Volume 8 Number 83
                       Produced: Wed Aug 18 19:55:48 1993

Subjects Discussed In This Issue: 

         [Shimon Schwartz]
Katnut HaDorot
         [Steve Ehrlich]
Kosher in Dublin, Ireland
         [Najman Kahana]
Kosher in Ontario
         [Rivkah Isseroff]
Kosher Mezuzah and Disaster
         [Malcolm Isaacs]
Looking for Kosher food and Sabbath accomodations in Scotland
         [Yaacov Fenster]
Loshon Hara
         [Robert A. Book]
Mail Order Glatt butcher
         [Hillel Markowitz]
Reb Zusha
         [Andrew Tannenbaum]
Spiritual Heights
         [Yechezkal-Shimon Gutfreund]


From: <schwartz@...> (Shimon Schwartz)
Date: Tue, 17 Aug 93 16:03:40 -0400
Subject: Correction--KOA

There is a second "KOA", whose hechsher is indeed a US map with a KOA
inside.  I have the following (possibly obsolete) contact info:

	A Subsidiary of Orthodox Association
	for the Observance of Kashruth
	R' Solomon Isaacson (executive director)
	11006 Audubon Ave
	Philadelphia PA 19116


   Shimon Schwartz


From: <stevee@...> (Steve Ehrlich)
Date: Tue, 17 Aug 93 13:37 CDT
Subject: Katnut HaDorot

Concerning the issue of Yeridat Hadorot--The claim that each generation
is on a "lower level" then the previous: One needs to make a distinction
between the scholars of a generation and the masses of that generation.
Even if the Chatam Sofer's Tsuevahs are more comprehensive then anything
our generation has produced (is this *really* true?), the fact is the
Jewish masses in his time were not very educated.

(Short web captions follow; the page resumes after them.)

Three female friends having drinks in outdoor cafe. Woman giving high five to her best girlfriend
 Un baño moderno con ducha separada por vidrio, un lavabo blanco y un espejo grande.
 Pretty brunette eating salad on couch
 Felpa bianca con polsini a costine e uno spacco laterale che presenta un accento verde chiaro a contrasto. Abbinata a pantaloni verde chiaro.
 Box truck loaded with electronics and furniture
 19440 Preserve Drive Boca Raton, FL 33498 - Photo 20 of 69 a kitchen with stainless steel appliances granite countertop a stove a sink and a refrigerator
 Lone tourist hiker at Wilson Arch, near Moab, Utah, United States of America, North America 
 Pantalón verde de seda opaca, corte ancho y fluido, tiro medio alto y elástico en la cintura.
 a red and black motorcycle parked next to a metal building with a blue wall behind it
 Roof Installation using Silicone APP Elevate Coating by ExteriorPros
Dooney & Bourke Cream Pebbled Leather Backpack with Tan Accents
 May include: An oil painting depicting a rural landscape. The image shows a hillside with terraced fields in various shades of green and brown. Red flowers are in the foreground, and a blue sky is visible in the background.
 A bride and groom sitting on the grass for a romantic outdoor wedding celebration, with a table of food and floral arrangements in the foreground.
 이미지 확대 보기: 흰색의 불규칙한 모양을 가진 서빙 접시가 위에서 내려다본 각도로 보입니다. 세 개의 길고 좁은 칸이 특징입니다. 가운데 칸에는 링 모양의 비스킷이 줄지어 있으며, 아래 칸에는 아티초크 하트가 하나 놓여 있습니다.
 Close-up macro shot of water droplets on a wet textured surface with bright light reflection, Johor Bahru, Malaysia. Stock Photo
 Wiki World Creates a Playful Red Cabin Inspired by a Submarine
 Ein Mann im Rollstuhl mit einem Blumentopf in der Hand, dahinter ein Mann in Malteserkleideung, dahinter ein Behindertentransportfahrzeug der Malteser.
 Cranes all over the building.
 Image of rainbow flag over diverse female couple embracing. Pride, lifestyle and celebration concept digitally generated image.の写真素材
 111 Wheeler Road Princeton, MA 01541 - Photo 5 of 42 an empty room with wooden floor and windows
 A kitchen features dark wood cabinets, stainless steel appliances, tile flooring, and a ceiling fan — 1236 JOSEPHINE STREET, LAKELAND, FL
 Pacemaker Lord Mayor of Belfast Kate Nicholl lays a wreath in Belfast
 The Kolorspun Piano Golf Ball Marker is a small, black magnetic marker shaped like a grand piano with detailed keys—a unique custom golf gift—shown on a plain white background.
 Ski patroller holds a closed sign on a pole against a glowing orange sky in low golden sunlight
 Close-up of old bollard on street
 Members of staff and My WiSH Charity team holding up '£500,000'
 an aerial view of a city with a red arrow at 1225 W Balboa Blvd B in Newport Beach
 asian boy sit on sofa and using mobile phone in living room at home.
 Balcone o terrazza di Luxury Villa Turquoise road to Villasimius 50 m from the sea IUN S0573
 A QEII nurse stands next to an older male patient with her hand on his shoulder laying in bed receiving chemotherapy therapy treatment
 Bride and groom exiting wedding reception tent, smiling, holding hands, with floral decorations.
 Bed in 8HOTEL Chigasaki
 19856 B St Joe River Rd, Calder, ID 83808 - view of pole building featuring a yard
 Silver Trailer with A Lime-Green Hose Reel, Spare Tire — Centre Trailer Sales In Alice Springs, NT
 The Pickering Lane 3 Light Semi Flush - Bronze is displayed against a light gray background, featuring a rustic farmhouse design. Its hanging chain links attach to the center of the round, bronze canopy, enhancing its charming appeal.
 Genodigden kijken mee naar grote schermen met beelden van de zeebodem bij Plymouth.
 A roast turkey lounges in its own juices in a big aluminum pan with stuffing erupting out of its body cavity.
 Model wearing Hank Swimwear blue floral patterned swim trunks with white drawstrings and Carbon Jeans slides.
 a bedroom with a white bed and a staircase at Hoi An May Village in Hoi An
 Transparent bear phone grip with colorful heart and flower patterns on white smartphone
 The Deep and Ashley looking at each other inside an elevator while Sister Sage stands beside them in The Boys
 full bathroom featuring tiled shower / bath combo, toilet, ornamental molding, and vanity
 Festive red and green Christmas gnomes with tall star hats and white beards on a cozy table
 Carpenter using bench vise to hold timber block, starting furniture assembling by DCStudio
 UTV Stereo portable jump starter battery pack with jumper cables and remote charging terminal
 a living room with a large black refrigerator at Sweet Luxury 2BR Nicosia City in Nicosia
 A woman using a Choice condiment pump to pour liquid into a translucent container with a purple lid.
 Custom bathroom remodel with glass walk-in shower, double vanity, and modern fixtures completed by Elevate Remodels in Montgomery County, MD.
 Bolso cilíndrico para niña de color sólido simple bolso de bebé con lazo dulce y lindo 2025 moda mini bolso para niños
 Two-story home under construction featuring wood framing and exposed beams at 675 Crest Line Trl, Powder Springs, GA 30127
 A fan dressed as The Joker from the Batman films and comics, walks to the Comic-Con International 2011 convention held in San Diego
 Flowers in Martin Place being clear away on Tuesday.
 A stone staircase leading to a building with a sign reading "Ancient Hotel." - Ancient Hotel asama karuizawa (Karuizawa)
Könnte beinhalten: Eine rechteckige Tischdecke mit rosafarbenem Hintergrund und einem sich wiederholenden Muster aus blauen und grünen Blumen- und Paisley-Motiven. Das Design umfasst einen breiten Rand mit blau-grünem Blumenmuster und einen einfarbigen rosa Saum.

Today, almost anyone
who wants to can send their child to a day school or yeshiva or
seminary.  In their time, in Europe, only the cream of each village ever
made it into a decent Torah institution, something beyond the local
ineffective cheder. And this was true only for the boys; the girls
received no Torah education at all. Look at what happened to all these
people when they left the shtetl: their observance disappeared.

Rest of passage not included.